Fleming Museum manager of collections and exhibitions Margaret Tamulonis pulled objects including a woman’s corset, shoes, and a sculpture of a leaning Buddha for the class to carefully examine and discuss. Students moved through the exhibit with a prompt to simply write their observations about the pieces and any discomfort or symptoms they thought the subjects displayed. Escorpizo’s goal for the experience was to have his class defend their observations through clinical reasoning, an essential skill required of physical therapists.
“Students have to be able to demonstrate clinical reasoning about what the best possible care for a patient might be, which ultimately results in sound clinical decision making.
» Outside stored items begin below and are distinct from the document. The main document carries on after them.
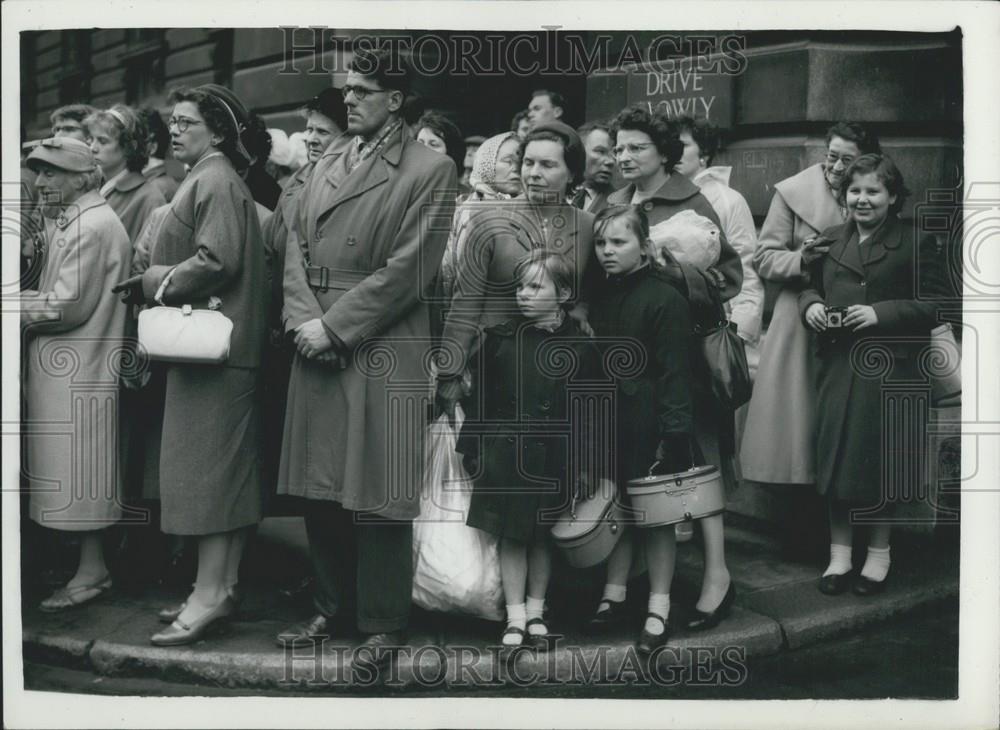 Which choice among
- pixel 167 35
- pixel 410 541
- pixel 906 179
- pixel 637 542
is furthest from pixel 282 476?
pixel 167 35

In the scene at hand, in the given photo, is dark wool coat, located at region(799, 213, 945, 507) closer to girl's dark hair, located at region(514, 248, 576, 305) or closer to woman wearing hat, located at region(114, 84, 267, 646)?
girl's dark hair, located at region(514, 248, 576, 305)

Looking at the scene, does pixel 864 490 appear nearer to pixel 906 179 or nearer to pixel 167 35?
pixel 906 179

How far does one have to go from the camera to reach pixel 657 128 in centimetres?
548

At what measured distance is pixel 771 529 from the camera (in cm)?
662

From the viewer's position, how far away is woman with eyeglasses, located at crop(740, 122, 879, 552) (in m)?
5.84

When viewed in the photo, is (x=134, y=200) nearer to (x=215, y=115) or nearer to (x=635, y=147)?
(x=215, y=115)

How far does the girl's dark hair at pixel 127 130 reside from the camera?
6359mm

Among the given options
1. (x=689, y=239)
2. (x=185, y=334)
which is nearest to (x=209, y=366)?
(x=185, y=334)

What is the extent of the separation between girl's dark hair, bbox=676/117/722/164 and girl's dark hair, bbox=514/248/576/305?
3.87ft

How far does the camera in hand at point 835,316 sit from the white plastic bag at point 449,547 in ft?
5.29

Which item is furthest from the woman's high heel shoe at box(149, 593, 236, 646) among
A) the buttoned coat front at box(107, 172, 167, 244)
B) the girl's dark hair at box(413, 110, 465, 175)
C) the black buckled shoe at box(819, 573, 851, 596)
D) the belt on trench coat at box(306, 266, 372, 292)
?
the black buckled shoe at box(819, 573, 851, 596)

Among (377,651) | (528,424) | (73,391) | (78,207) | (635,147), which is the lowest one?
(377,651)

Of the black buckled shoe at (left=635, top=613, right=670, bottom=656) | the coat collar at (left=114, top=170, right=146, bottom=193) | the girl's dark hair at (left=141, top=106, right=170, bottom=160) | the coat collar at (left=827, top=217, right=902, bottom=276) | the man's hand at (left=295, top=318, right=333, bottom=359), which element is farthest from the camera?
the girl's dark hair at (left=141, top=106, right=170, bottom=160)

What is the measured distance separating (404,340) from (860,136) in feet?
7.10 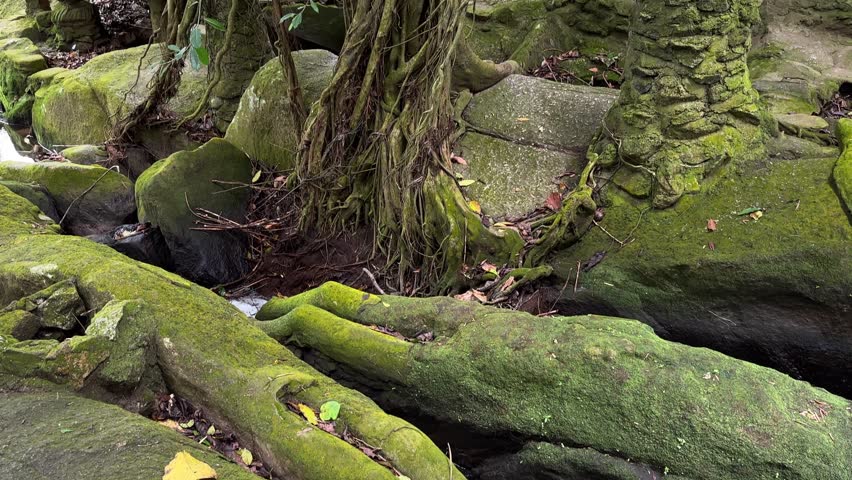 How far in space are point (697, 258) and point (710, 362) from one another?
3.20 ft

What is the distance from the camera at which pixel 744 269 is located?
10.4 feet

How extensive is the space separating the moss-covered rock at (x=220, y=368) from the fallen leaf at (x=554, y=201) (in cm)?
201

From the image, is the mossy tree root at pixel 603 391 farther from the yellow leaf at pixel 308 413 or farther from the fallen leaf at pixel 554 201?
the fallen leaf at pixel 554 201

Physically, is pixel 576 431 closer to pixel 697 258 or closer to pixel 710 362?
pixel 710 362

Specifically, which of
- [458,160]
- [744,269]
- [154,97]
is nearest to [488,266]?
[458,160]

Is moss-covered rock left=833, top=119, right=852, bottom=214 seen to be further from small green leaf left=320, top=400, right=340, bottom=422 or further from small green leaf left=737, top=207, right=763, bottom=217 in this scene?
small green leaf left=320, top=400, right=340, bottom=422

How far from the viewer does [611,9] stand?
5.62 metres

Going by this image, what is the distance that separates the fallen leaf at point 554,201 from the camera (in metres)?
3.99

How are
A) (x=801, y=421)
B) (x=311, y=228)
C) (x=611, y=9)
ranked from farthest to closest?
(x=611, y=9) < (x=311, y=228) < (x=801, y=421)

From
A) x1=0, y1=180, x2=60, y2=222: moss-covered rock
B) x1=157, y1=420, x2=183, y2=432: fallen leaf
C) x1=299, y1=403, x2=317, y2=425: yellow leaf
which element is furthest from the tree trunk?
x1=0, y1=180, x2=60, y2=222: moss-covered rock

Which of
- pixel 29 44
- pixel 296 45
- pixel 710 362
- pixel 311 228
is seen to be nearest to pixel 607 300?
pixel 710 362

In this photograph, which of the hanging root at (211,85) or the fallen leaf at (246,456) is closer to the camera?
the fallen leaf at (246,456)

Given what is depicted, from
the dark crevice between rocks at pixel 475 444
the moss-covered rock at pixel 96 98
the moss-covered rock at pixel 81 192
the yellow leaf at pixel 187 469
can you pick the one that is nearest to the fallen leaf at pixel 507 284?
the dark crevice between rocks at pixel 475 444

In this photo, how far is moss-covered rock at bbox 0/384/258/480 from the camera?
72.4 inches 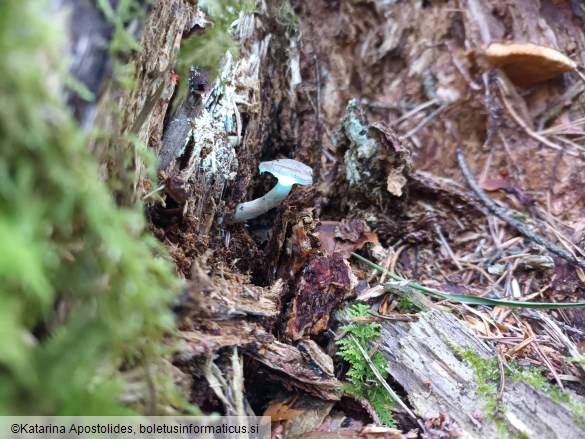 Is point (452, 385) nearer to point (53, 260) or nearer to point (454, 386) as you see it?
point (454, 386)

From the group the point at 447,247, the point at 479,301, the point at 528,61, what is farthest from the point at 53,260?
the point at 528,61

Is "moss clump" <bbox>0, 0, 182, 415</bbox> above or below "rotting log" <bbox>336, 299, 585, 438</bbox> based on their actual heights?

Once they go through and observe the body and consider movement systems—for example how muscle power inefficiency in the hip, reduced cardiovascular endurance and aging may affect a patient’s walking—then they’re not just assessing the patient using random examination techniques or grasping at every single thing without defensible reasoning,” explains Escorpizo.
While at the museum, the class considered how the statue of Buddha leaning on its side could demonstrate a patient’s discomfort in the neck, the hands and wrists or even the feet. They observed a woman in a portrait with unique posture and discussed what physical trauma or injury, or habitual posture from childhood might have caused it.
“Is there a correct way of looking at it? Maybe not. The next step is talking to the patient or client. It’s all part of their clinical reasoning and how they would do that in real life as opposed to in a classroom with environmental constraints and standardized conditions of a client or patient,” says Escorpizo. As DPT students move through the curriculum, they build on the skills they practice in the museum when they begin to interact with patient simulations and real patients in clinics, rehabilitation centers and the community.
For Tamulonis, who is no stranger to helping University of Vermont students enhance their studies through art, Escorpizo’s class wasn’t the average discipline she usually works with in the Fleming. She enjoyed listening to their discussions about the art from their discipline’s perspective and looks forward to working with Escorpizo and his students in the future.
“One of the joys of working with students from UVM is that they come in and they make observations about things that maybe I have not observed before. Having these fresh eyes and these bright minds working on objects is really exciting,” says Tamulonis.
“I certainly encourage anyone to come in and look at the artwork that we have here and really go with it in whatever direction they choose. We have over 25,000 objects, which I think of as 25,000 different research projects. There’s so much for students to work on.”